**Information provided:**
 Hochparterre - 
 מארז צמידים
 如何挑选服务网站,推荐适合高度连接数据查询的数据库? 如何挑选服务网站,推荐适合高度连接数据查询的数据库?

**Task prompt:** The data above should be duplicated exactly and completely.

**Written solution:**
 Hochparterre - 
 מארז צמידים
 如何挑选服务网站,推荐适合高度连接数据查询的数据库? 如何挑选服务网站,推荐适合高度连接数据查询的数据库?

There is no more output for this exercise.